By Lethbridge Herald Opinon on March 15, 2017.
If Lethbridge has a “heart of the city,” surely it’s Galt Gardens.
About 110 years ago, the city plowed the land, then planted trees and grass. Before then, the “town square” was used as a sports field. It was a place for lacrosse, cricket, football, tennis and more.
In 1910, when the city acquired the four-block tract from Elliott Galt, he stipulated the land must be maintained as a park forever. How the city has acted on that mandate has certainly evolved over the years.
Historic photos from the 1920s show an ornate bandstand, placed over top of a “board of trade” building. In front, park benches line both sides of a paved plaza.
Later, an entrepreneur named Walter Gurney rented the building and converted it into a museum for “natural history” and gunnery displays.
Funds from the Carnegie foundation spurred construction of a library on the south side of the park, added in 1952. A memorial to First World War veterans had been built in 1931.

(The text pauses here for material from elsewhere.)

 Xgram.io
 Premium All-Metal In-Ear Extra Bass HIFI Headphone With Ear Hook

More recently, residents have seen the library transformed into the Southern Alberta Art Gallery, and the cenotaph relocated to a site beside city hall.

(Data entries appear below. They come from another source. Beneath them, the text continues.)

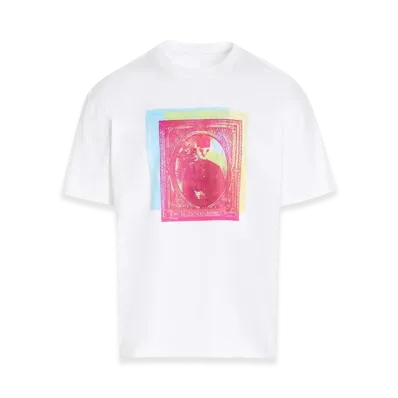 Maison Margiela Graphic Printed Short Sleeve T-Shirt "White"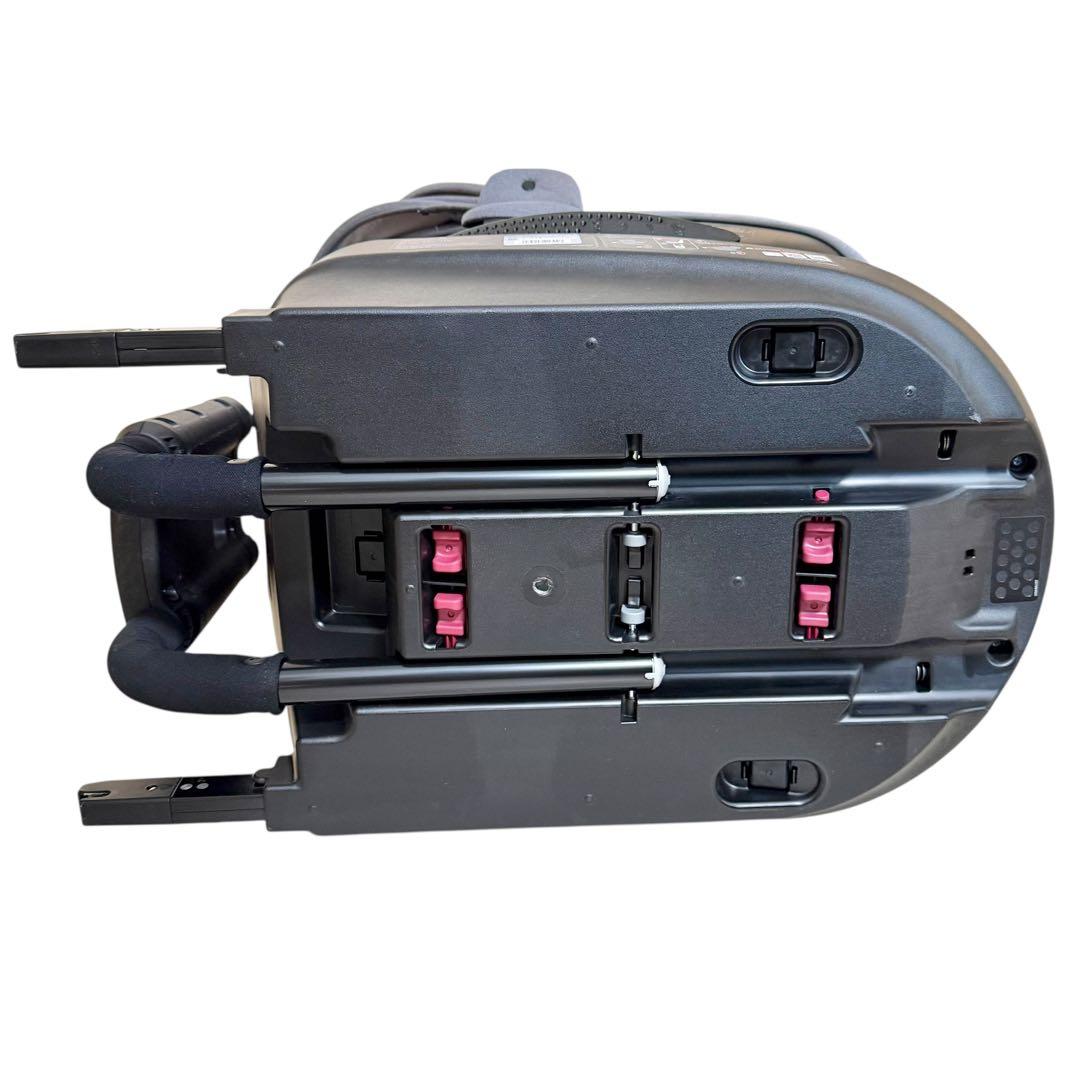 【美品/ISOFIX】エールベベ クルット4i プレミアム ナチュラルグレー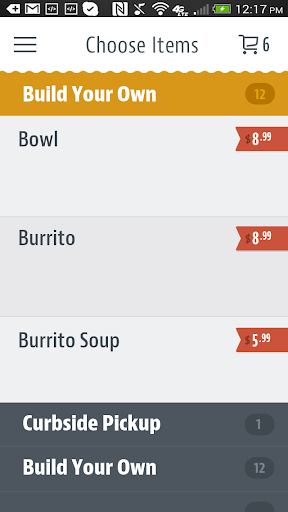 Barbacoa Mexican Grill UT Screen 3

Modern-day improvements have included the circular pergola with a stage and seating, and a spray park near the park’s southeast corner. Meanwhile, the park has become “home” to an impressive list of events: Shakespeare in the Park; the Street Wheelers’ show; Canada Day celebrations; events focused on jazz; aboriginal traditions; LGBTQ equality; Oktoberfest – and so much more.
As the city evolves, the park takes on many new roles. So it’s probably time for improvements and a new vision for Galt Gardens. A new master plan for the park has been prepared and presented to city council.

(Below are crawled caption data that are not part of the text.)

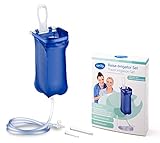 SANITY Irrigator-Set 2l Reise-Irrigator-Set Einlauf-Set Darmspülung Darmreinigung Intimdusche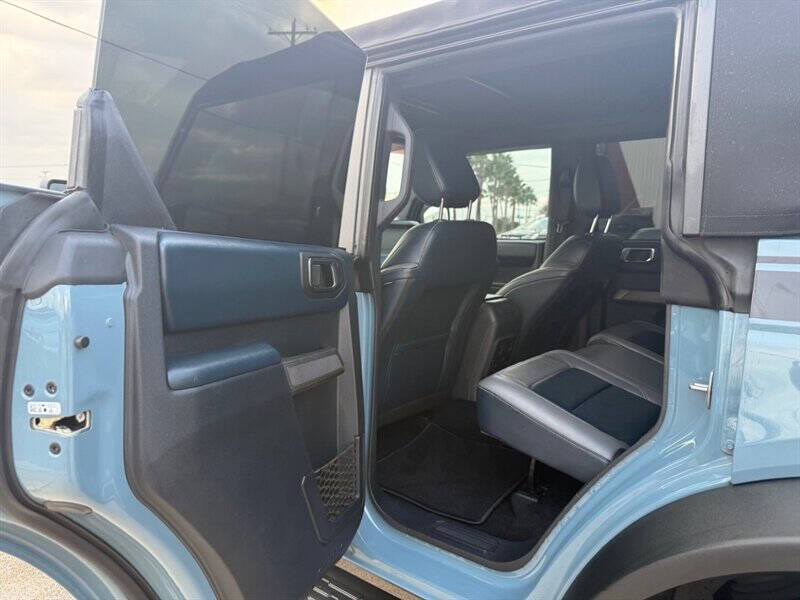 2021 Ford Bronco Badlands Advanced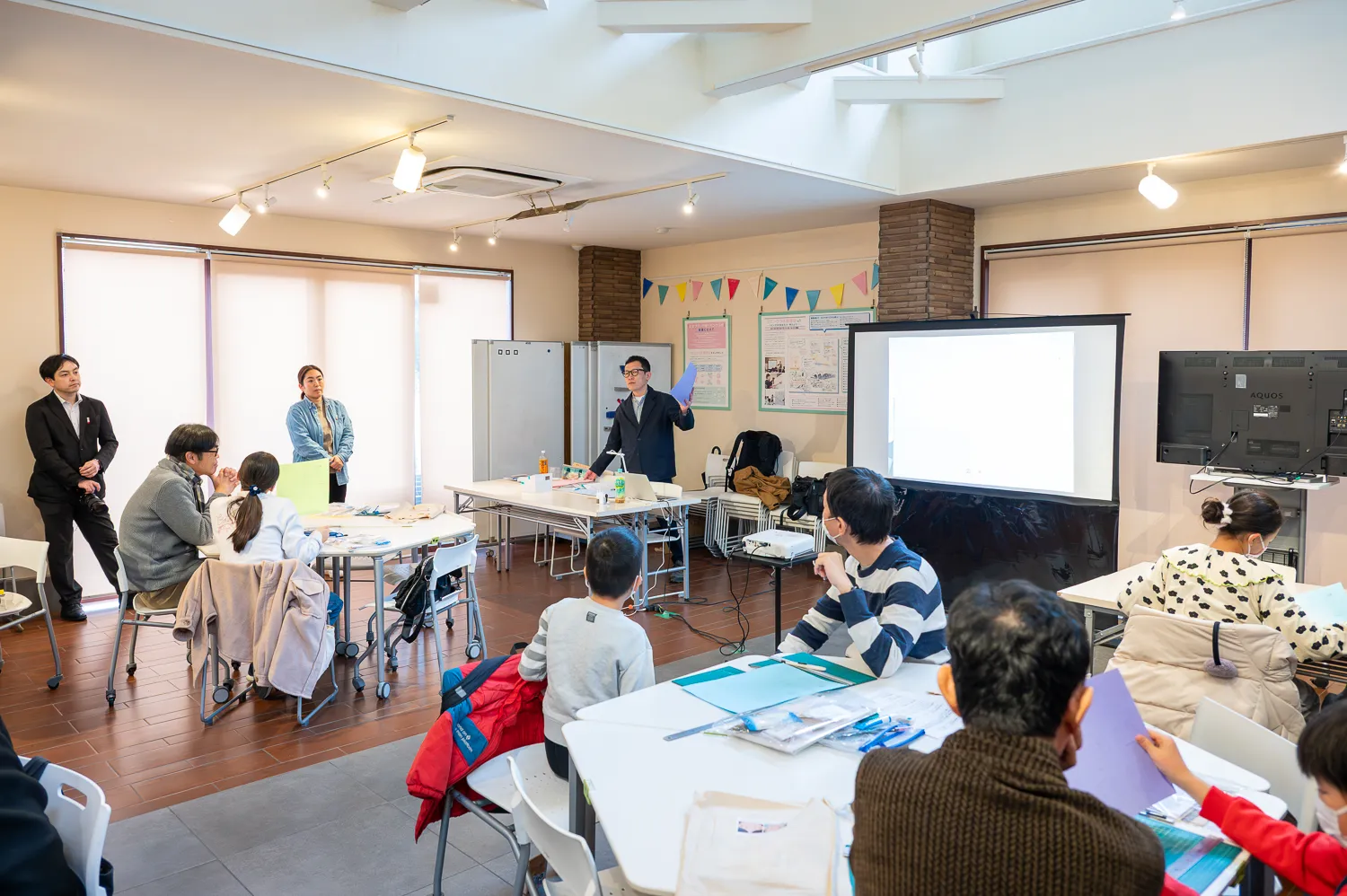 建築家の仕事を知り、模型づくりの意味を学ぼう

Citizens and user groups were consulted during its preparation, and Lethbridge residents will have an opportunity to offer more comments and suggestions later this spring.
The proposal now under consideration would bring visible improvements and new facilities, including a playground for children. The historic Canadian Pacific Railway steam locomotive would also be returned to the park, and a new water feature added for more passive enjoyment of the park.
Improvements would take place in several phases, at a cost of about $5.1 million.
City council will have many worthy projects to consider as it works its way through Capital Improvement Program proposals for the coming years. Councillors will evaluate the Galt Gardens plan alongside others which may offer many advantages. And whether Alberta is riding an economic boom or pulling out of a “bust,” there’s a limit to what city taxpayers and the provincial grants programs can afford.
But with its ties to our earliest days as a community – and in recognition of the countless celebrations and events that have been held in our downtown park for more than a century, we hope council will be able to proceed with these upgrades. At the heart of the city, Galt Gardens has played a unique role in the life of our community.